**TASK DETAILS:**
Copy every record verbatim but exclude the pictures.

Stored items:
□ □ □ □ □
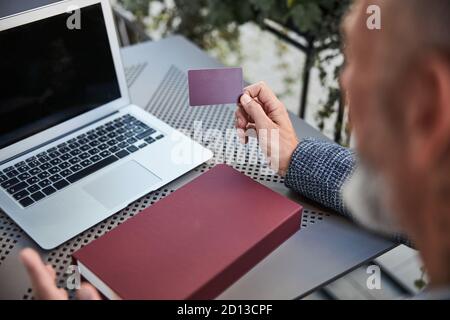 Homme d'affaires avec une carte en plastique dans la main assis avec un ordinateur portable Banque D'Images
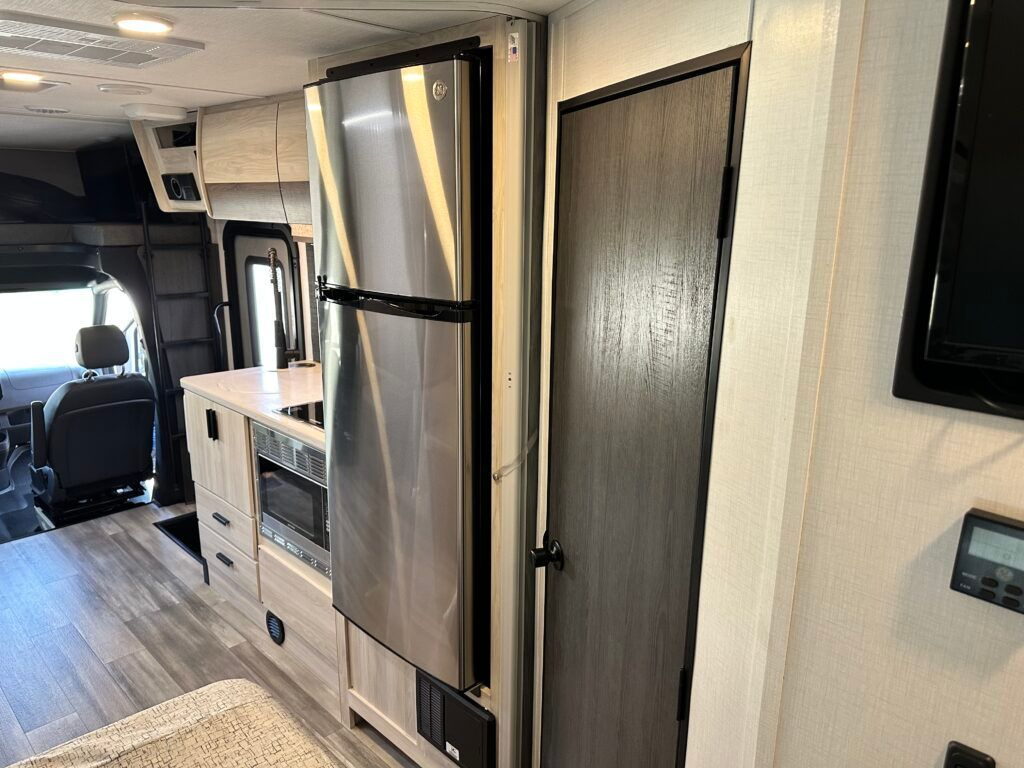 A rv with a refrigerator and microwave in the kitchen.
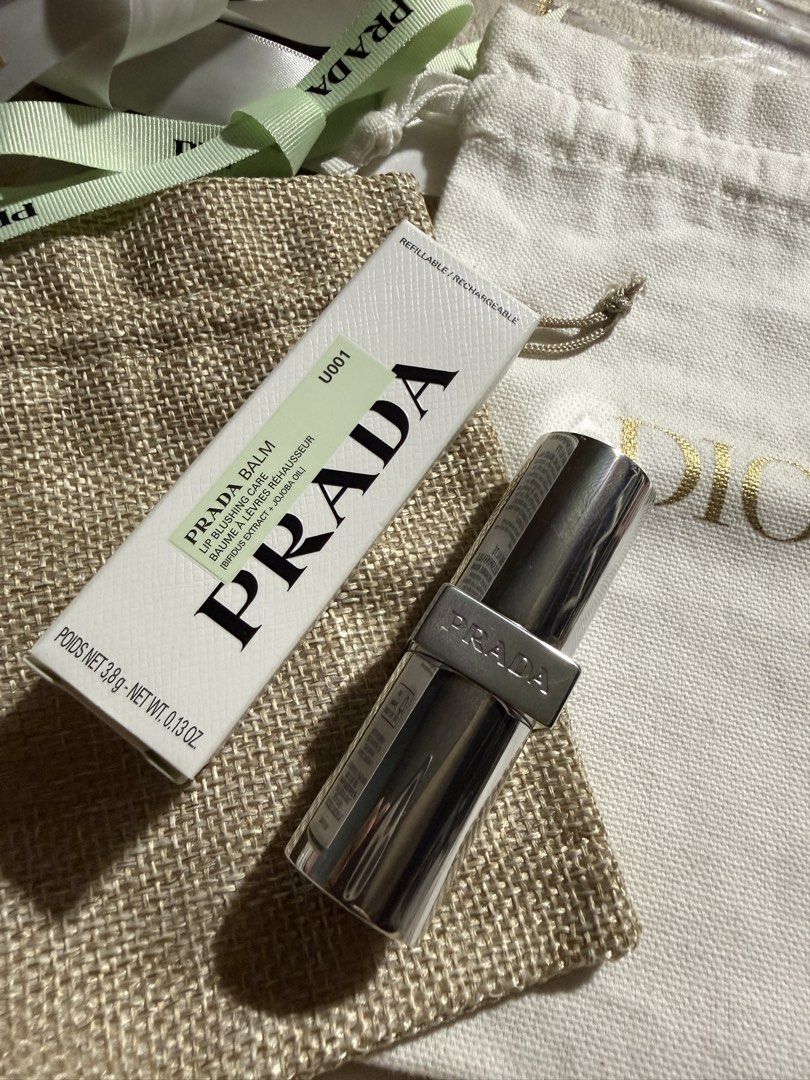 Authentic preloved Prada lipbalm (Category: Makeup) located in Rizal. Submitted by jayolts (Listing ID 1437930997, Image 2). Description: Preloved authentic Prada lipbalm Bought @greenbelt 5 Used 2-3 times lang din Color changing tech sya Ito yung nagpi-pink. I don’t want to use na since super bango ng balm and whenever I use it I feel like nakakain ko yung scent. Sanitized already. Free sf via Jnt.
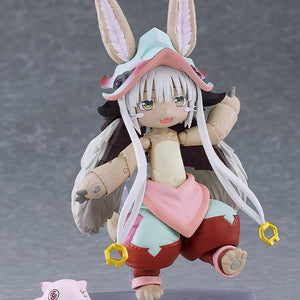 Dynamic side-stepping pose of the figma Nanachi action figure showing full articulation, big ears, and long white tassels.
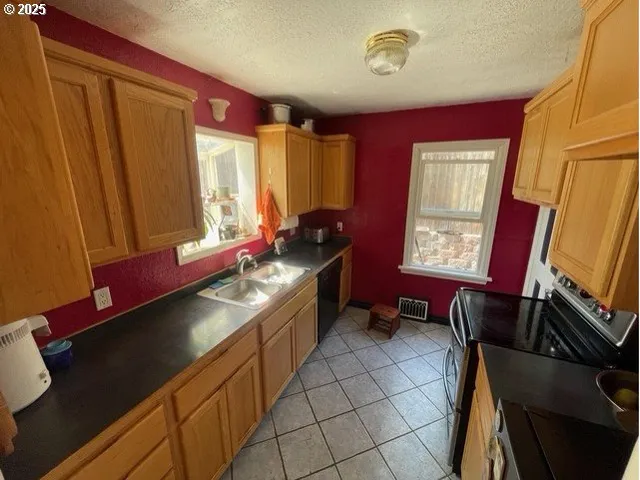 a kitchen with a large window and cabinets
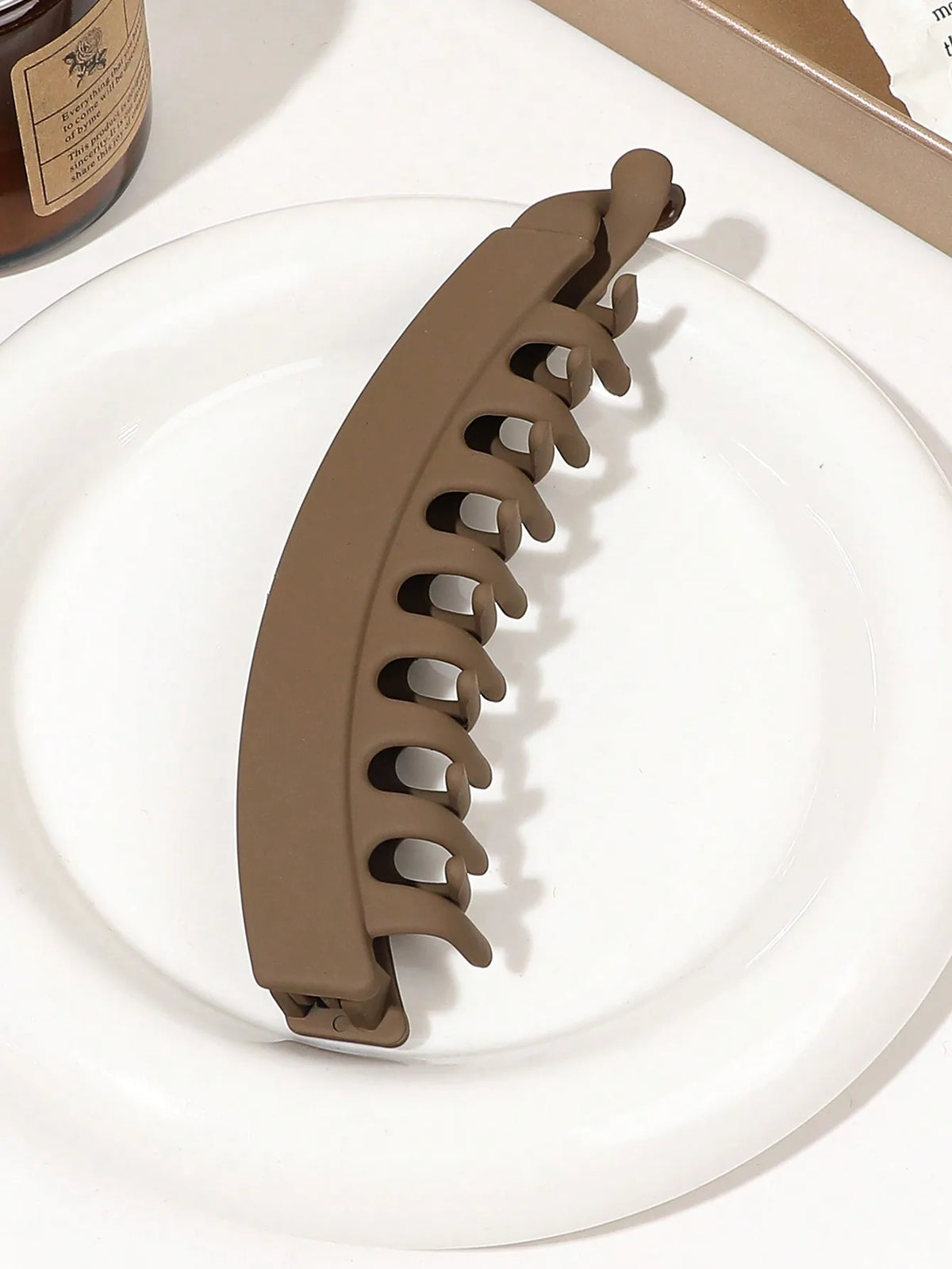 A brown banana hair clip is shown resting on a white plate.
□ □ □ □ □
**OUTPUT FOR THIS EXERCISE:**
 Homme d'affaires avec une carte en plastique dans la main assis avec un ordinateur portable Banque D'Images
 A rv with a refrigerator and microwave in the kitchen.
 Authentic preloved Prada lipbalm (Category: Makeup) located in Rizal. Submitted by jayolts (Listing ID 1437930997, Image 2). Description: Preloved authentic Prada lipbalm Bought @greenbelt 5 Used 2-3 times lang din Color changing tech sya Ito yung nagpi-pink. I don’t want to use na since super bango ng balm and whenever I use it I feel like nakakain ko yung scent. Sanitized already. Free sf via Jnt.
 Dynamic side-stepping pose of the figma Nanachi action figure showing full articulation, big ears, and long white tassels.
 a kitchen with a large window and cabinets
 A brown banana hair clip is shown resting on a white plate.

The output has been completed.